東京が大雪の土曜日、事務仕事で休日出勤した。

以前集めた資料を全部読み込んで、ネットで現況を調べる。しかし、昔はパソコンで講義をノートテイクするだけでも凄いことだったのに、今では先生の声をiPhoneで拾って別室に送り、音声認識入力して、利用者の前のパソコンに表示するなんてことができるんだね。

まあ、このコメントだって音声認識入力してるくらいだから、当たり前か。

気がつくともう夜中の3時である。そろそろ帰ろうと、表に出た。

(しまった)

足を踏み入れると、膝下ぐらいまで雪が積もっている。遠くを見やると、暗がりの中、自分の車が、かまくらのように雪に埋もれていた。

しかし、校舎の入り口にはオートロックがかかって、中には戻れない。やむなく、ずぶずぶと車の近くまで歩いていくが、車のドア部分まで雪が積もっている。しかも駐車場の敷地全部が、この高さで雪に埋もれているようだ。

去年の今頃、同じようなコメントを書いた記憶があるが、あれはふーみん先生の下宿へ向かう道での話だった。今年は、まさに自分が働く職場の中で遭難したのである。

スウィングする人たち・2日目
http://yossy-m.cocolog-nifty.com/blog/2013/01/2-40ad.html

車の中で暖をとっているうちに寝込んで、排気ガス中毒になるのも困るので、スコップで掘り、車をバックさせて行けるところまで進み、また掘り返す、という終わりのない作業を続ける。バックで急発進するのでなかなか方向性もつかめず、駐輪場や立ち木にぶつかりそうな方向を、少しずつスコップで掘って変えながら、絶望的に孤独な作業を続けた。

どれだけ掘ったであろうか。やっと校門が見えてきた。道路には除雪車の黄色いパトランプの明かりが見えていたから、あそこまで行けば大丈夫だ。

その時、後ろから人影が歩いてきた。新聞配達のお兄ちゃんのようだ。バイクが校門の外に止めてある。それを見て愕然とした。

そう、あの除雪車は道路の雪を、道の両脇に押しのけていて、校門と道路の境に「万里の長城」のような雪の土手をうず高く築いていたのであった。

力抜山兮気蓋世 時不利兮騅不逝
騅不逝兮可奈何 虞兮虞兮奈若何

万事休すである。

意を決して、リュックから重い本を取り出し、代わりに食料を詰め変えると、駐車場のど真ん中に車を乗り捨てた。歩いて家まで帰ることにしたのである。

車なら10分ぐらいの距離であるが、この雪である。
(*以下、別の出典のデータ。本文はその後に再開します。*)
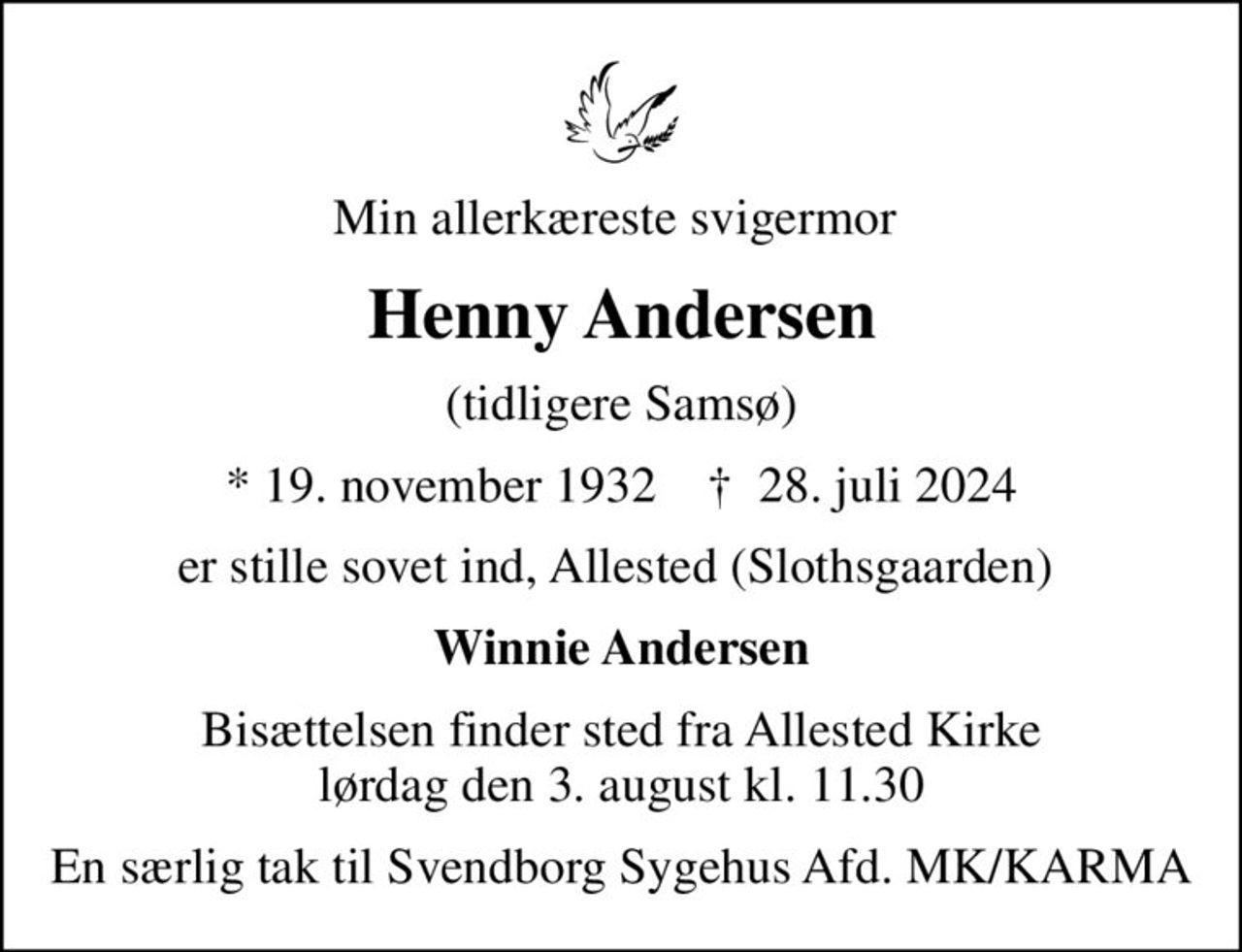 Min allerkæreste svigermor 
Henny Andersen
(tidligere Samsø)
* 19. november 1932    ✝ 28. juli 2024
er stille sovet ind, Allested (Slothsgaarden) 
Winnie Andersen
Bisættelsen finder sted fra Allested Kirke  lørdag den 3. august kl. 11.30 
En særlig tak til Svendborg Sygehus Afd. MK/KARMA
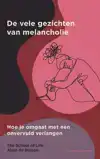 DE VELE GEZICHTEN VAN MELANCHOLIE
車中で凍死することはなくなったが、八甲田山ばりの雪中行軍であることには変わりない。

トボトボと歩き出す。近道せずに、あの憎き除雪車が雪を押しのけた車道を行くことにした。

うわー!!!!

雪道に慣れているとは言え、夜明け前の道路は圧雪状態。画に描いたように、足を滑らせて仰向けにひっくり返ってしまった。この前見た韓国映画「七番房の奇跡」とおなじ目にあうかと思ったが、高校の柔道の授業で「受け身」を習っていたことが幸いして、後頭部を強打せずに済んだ。

時刻はもう午前5時である。偉いもので、こんな早朝から地元の人たちは、家の前の雪かきをしているのである。
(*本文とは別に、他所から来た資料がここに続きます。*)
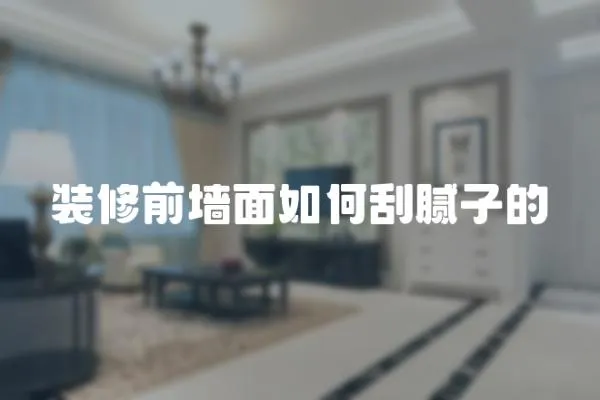 裝修前墻面如何刮膩子的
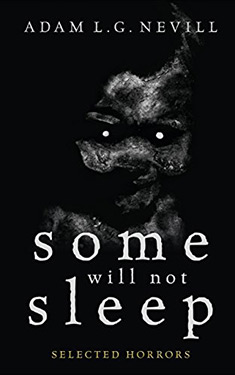 Some Will Not Sleep:  Selected Horrors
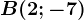 B(2;-7)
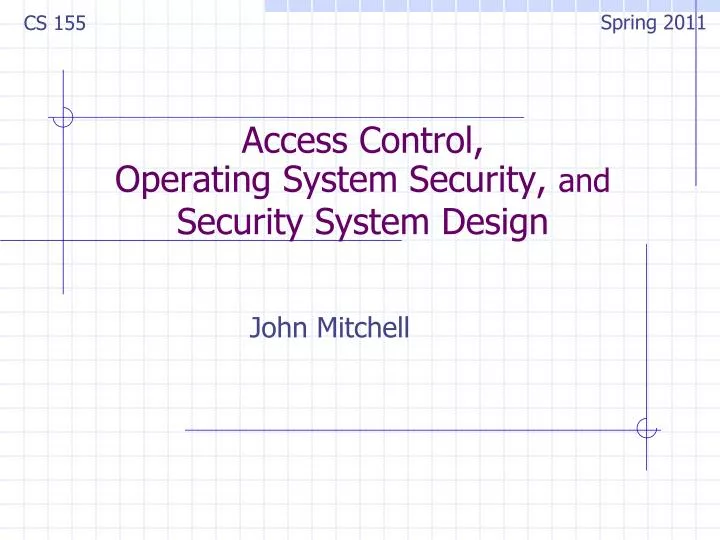 access control operating system security and security system design
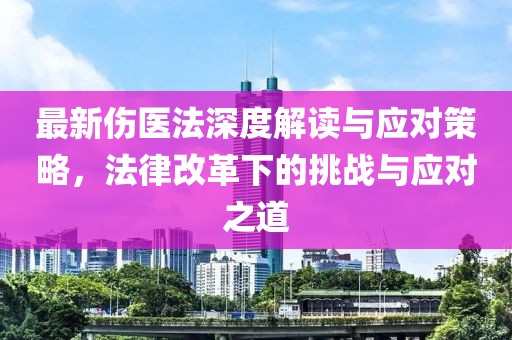最新伤医法深度解读与应对策略，法律改革下的挑战与应对之道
「足下が滑りますからお気をつけください」なんて声をかけてくれるが、もうすでに遅い。

何度も足を取られながらアパートに着く頃には、白々と夜が明けてきた。

(うわあ)

当たり前であるが、アパートの駐車場も職場のそれと同じように、膝下まで雪で埋まっていて、建物の入り口まで、足の踏み場がなかった。もちろん「万里の長城」も、しっかりと築かれている。

やっとの思いで部屋に戻ると泥のように眠った。起きると12時過ぎである。急いで身支度を整えるとバス停からバスに乗る。駐車場のど真ん中に置き去りにしてきた、わが車を救出回収しなきゃいけないである。
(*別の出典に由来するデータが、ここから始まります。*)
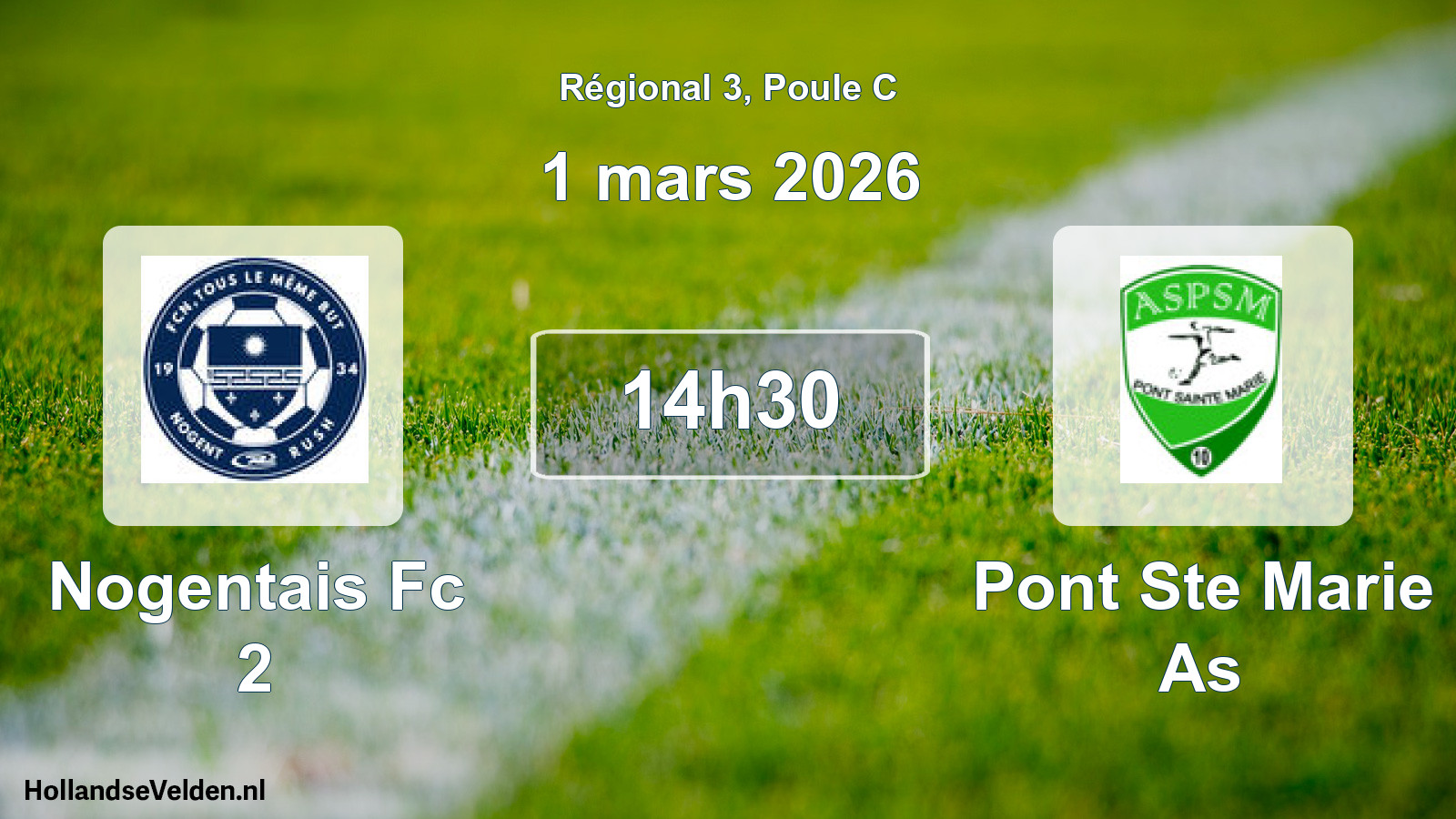 Scheduled Match: Nogentais Fc 2 - Pont Ste Marie As (1 March 2026)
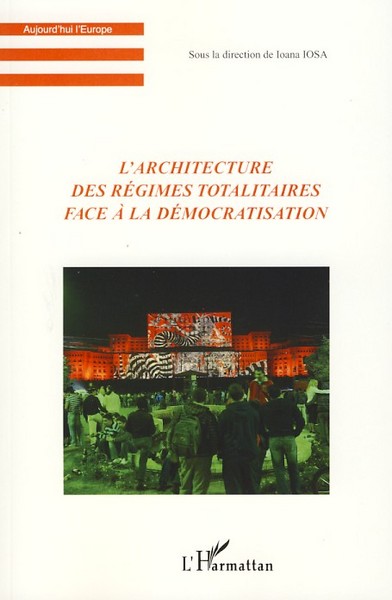 L'architecture des régimes totalitaires face à la démocratis (9782296054547-front-cover)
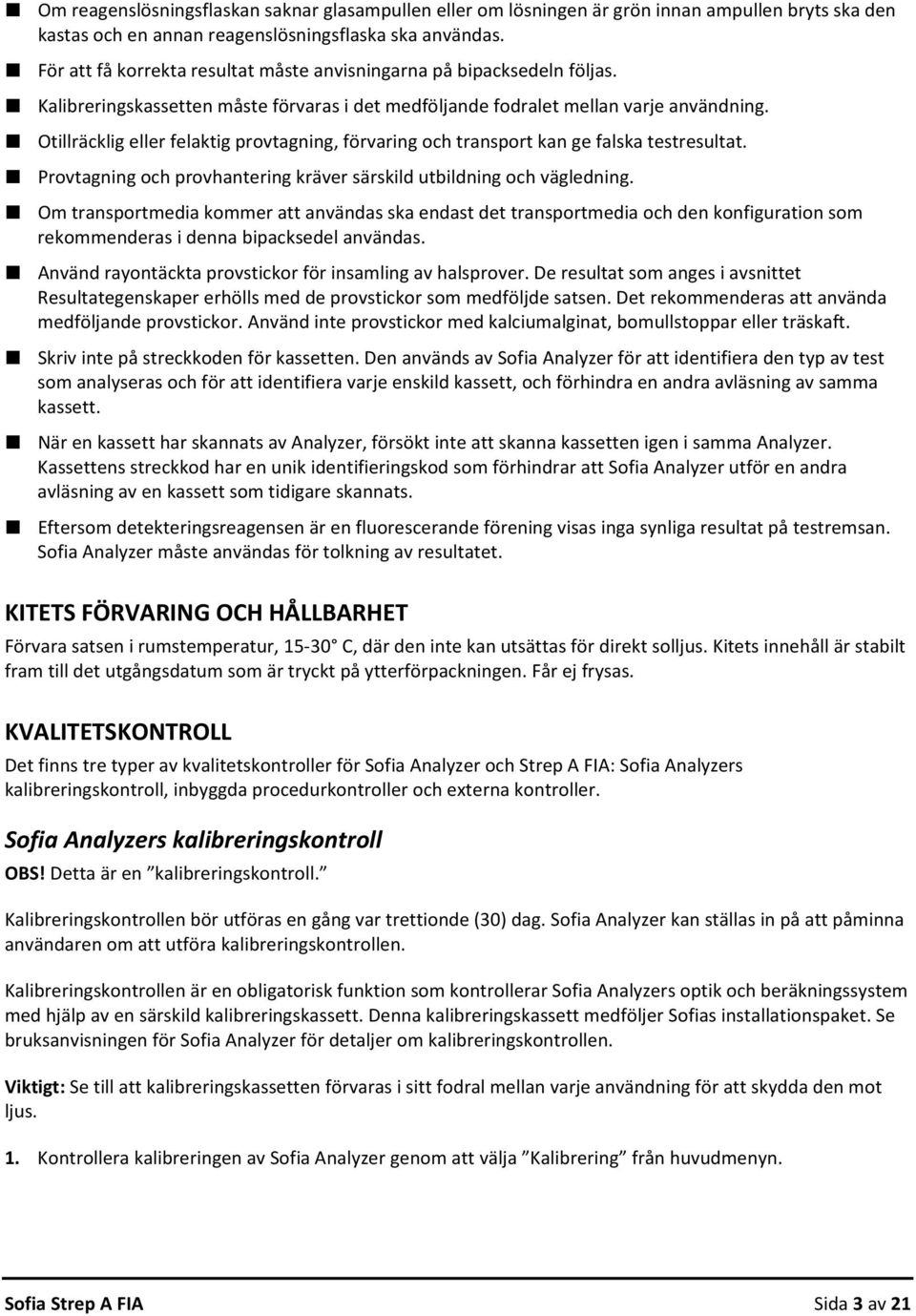 Otillräcklig eller felaktig provtagning, förvaring och transport kan ge falska testresultat. Provtagning och provhantering kräver särskild utbildning och vägledning.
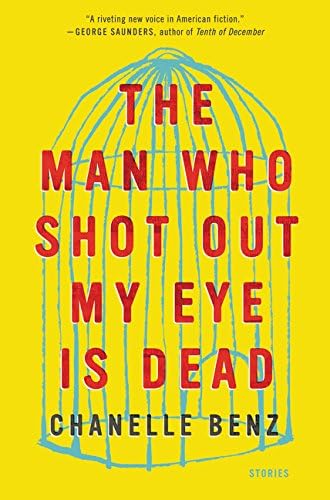The Man Who Shot Out My Eye Is Dead: Stories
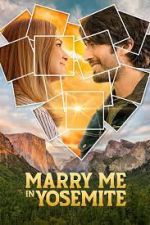 Watch Marry Me in Yosemite M4ufreemovies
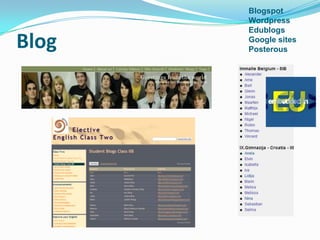 Blogspot
       Wordpress
       Edublogs
Blog   Google sites
       Posterous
ただし今回は勝算があった。このバスは、職場の駐車場内にあるバス停に停まるので、そのあたりまでは、市の除雪車が毎日除雪してくれるのである。昨晩、車を駐車場のど真ん中にそのまま乗り捨ててきたのは、これを見込んでのことである。

大雪で10分遅れのバスは、やがて職場へたどり着いた。バスの窓から外を見る。

そこには、車一台分ほどの雪山が、周囲の雪の海と一緒に、寂しく取り残されていた。

投稿: 大雪被害者の会(こぶぎ) | 2014年2月16日 (日) 14時23分

読んでいて映像が浮かびます。まさに現代版「デルス・ウザーラ」!そしてこれが、真夜中から未明にかけての出来事だったとは…ほとんど遭難といってもいいじゃないですか!

除雪車が築いた「万里の長城」って、たぶん雪国の人間ではないとわからないだろうなあ。私はすげえよくわかりますけど。